Monday, January 3, 2011

Eternal Security Debate - Affirmative Rebuttal Essay

Eternal Security Debate
Debate Resolution:
Do the Gospels Teach that Salvation Can Be Lost?
Affirmative Rebuttal Essay
by Nick

In this Rebuttal Essay I will address the three main sections which Vocab wrote upon.

The first section dealt with addressing important distinctions and approaches to our respective theologies. While I as a Catholic do not believe in Sola Scriptura, and thus would probably be considered by some as not accepting Scripture’s full authority, I don’t think that is as critical a factor as it could be. The reasons are as follows: (a) despite not accepting formal sufficiency, I accept material sufficiency and thus hold to a very high view of Scripture; (b) I don’t accept Sola Scriptura / Formal Sufficiency primarily because I don’t believe such is even taught in Scripture in the first place, meaning I simply refuse to accept an unbiblical doctrine(!); and (c) a large percentage of (conservative) Protestants, likely even the majority, do not believe Scripture teaches Eternal Security, and they base this conclusion on Scripture Alone, even using some of the very texts I’ve already appealed to. Thus, my rejection of Sola Scriptura has no direct impact on the debate thesis.

The next two points Vocab made in his first section are worth quoting in full: “The correct interpretation of any given scripture can not result in any real contradictions with the correct interpretation of another scripture” and “It is necessary to interpret less explicit passages in light of more explicit passages.” I wholeheartedly agree with this, and this is precisely the approach I took when examining this issue. In fact, I think I took these ideas more to heart than Vocab did, since I examined every chapter of all four of the Gospels when looking at and presenting the evidence. In my Opening Essay, I quoted from all four of the Gospels when coming to my conclusions, where as - as far as I can see - Vocab focused essentially on two passages in John, while virtually ignoring all of Matthew, Mark, and Luke. This, to me, is an implicit concession that the doctrine has no reasonable testimony in the Synoptic Gospels, implicitly confirming my thesis.

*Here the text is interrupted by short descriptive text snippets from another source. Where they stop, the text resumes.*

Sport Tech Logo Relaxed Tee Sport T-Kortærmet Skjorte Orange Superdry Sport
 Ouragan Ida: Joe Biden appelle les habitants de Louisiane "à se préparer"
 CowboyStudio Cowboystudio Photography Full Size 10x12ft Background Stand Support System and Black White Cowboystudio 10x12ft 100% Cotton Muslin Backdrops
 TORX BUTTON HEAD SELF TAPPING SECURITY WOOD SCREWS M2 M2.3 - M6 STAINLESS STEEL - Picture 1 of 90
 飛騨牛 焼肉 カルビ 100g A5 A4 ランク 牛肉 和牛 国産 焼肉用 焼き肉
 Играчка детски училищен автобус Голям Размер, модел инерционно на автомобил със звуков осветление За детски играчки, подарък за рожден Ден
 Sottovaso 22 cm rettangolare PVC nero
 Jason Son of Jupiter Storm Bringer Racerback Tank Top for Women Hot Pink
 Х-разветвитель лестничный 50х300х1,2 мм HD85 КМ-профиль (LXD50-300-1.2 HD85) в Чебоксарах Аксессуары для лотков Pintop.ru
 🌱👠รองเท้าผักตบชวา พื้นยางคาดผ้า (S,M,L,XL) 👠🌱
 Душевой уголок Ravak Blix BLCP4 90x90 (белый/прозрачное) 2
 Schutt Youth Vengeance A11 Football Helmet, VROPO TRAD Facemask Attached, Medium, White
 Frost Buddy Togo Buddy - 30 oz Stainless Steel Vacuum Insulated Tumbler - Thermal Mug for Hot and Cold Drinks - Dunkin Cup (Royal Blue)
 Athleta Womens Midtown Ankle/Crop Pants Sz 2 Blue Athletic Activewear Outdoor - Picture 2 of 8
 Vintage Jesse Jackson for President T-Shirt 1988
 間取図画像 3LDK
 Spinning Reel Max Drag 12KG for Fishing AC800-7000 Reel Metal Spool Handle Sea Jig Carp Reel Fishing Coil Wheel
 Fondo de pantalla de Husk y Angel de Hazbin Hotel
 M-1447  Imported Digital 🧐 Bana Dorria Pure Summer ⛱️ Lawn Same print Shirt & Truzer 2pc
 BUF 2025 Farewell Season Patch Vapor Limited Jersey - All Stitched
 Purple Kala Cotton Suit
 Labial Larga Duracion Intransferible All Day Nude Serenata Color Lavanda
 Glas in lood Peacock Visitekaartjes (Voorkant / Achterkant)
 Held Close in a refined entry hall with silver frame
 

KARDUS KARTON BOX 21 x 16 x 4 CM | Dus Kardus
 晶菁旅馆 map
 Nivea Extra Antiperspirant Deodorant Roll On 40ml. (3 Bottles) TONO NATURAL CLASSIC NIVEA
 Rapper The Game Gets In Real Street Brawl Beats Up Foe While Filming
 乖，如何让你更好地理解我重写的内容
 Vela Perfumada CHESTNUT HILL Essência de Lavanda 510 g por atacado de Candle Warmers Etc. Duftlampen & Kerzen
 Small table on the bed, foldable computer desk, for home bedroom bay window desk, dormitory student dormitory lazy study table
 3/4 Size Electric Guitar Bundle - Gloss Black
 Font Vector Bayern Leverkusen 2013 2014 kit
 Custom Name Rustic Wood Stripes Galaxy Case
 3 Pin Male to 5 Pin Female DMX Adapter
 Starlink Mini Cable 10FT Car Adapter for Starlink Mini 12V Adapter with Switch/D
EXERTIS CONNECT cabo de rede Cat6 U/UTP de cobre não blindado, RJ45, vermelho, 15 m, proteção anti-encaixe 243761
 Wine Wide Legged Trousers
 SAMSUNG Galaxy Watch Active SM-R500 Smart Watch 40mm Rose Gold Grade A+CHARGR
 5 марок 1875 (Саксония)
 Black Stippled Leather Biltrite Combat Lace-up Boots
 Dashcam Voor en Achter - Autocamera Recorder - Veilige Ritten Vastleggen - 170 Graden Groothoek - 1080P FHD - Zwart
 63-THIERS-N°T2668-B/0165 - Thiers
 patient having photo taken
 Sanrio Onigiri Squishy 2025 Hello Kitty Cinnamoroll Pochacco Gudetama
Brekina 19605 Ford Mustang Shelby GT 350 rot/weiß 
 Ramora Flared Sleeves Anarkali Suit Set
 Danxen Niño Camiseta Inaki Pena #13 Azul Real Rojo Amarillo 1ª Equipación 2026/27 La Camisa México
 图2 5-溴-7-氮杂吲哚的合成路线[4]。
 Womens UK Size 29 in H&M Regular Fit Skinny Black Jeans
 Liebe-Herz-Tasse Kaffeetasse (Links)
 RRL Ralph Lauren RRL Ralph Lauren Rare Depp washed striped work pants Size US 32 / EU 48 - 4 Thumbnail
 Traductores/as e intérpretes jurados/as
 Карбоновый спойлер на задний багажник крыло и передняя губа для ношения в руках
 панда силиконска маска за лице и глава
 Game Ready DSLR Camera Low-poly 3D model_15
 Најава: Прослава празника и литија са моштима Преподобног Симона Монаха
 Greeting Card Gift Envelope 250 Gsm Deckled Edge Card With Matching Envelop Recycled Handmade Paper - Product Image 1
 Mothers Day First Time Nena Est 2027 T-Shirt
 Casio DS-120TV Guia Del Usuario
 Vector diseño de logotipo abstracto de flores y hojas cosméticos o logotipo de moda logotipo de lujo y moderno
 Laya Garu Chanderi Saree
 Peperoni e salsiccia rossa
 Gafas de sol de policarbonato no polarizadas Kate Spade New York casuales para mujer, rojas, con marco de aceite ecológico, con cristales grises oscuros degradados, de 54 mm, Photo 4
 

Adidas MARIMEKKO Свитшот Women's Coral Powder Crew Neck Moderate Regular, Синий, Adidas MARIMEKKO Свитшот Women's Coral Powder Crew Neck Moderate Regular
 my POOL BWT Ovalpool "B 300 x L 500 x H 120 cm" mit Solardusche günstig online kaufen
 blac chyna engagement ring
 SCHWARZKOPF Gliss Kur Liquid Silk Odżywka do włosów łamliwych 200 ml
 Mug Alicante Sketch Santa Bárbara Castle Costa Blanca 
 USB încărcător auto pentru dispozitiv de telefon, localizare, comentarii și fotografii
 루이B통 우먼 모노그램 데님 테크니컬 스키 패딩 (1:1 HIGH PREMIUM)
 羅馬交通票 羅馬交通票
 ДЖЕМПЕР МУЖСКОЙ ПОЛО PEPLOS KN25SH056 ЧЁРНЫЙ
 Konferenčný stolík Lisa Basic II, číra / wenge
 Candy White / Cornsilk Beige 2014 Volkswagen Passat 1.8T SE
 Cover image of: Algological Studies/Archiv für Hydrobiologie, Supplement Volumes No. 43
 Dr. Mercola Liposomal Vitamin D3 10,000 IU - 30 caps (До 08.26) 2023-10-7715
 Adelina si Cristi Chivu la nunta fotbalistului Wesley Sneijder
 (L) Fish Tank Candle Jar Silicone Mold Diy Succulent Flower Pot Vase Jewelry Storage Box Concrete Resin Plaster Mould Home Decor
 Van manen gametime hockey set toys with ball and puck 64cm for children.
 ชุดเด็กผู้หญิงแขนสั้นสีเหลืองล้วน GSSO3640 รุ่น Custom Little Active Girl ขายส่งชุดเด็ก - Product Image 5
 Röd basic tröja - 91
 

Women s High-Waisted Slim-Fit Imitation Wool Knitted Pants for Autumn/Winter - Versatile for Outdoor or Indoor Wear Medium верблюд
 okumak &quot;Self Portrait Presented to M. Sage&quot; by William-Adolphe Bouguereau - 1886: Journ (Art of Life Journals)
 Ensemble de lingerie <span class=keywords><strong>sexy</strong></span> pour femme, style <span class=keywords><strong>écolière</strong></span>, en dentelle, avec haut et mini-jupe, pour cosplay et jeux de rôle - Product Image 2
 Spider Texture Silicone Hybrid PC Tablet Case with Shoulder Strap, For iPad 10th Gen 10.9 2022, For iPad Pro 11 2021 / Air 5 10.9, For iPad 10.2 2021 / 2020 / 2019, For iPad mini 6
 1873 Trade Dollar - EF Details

The only inaccurate part of Vocab’s presentation of my position is when he said:

In short, it is not an option for Nick to believe the doctrine of the perseverance of the saints, which places the emphasis on God’s doing, not on man’s merit.

I as a Catholic believe in perseverance of the saints, and this can be seen as easily as examining the same Catholic documents Vocab quoted from. I believe the Bible teaches this as well, especially in texts such as Matthew 24:12-13, which says the one who perseveres will be saved. In reality, it is Vocab who denies the concept of Perseverance, because in his view there is nothing for the Christian to persevere in in the first place since he is Secure from the moment he believes. To persevere means the danger of falling away always exists, and you (with God’s grace) must endure those trials to the very end. Just like in a race, you persevere when you complete the race, despite any trips and falls along the way, while the potential of failing to finish the race always exists. In Vocab’s theology, the runner is awarded the trophy at the very start, and doesn’t base it on his performance in the race. That might be Eternal Security, but it’s not perseverance. Note the Scripture I quoted above, it says only upon persevering is one (eternally) saved, not before. Thus, based on Scripture and logic, Vocab’s theology is incorrect on what it means to be saved and persevere.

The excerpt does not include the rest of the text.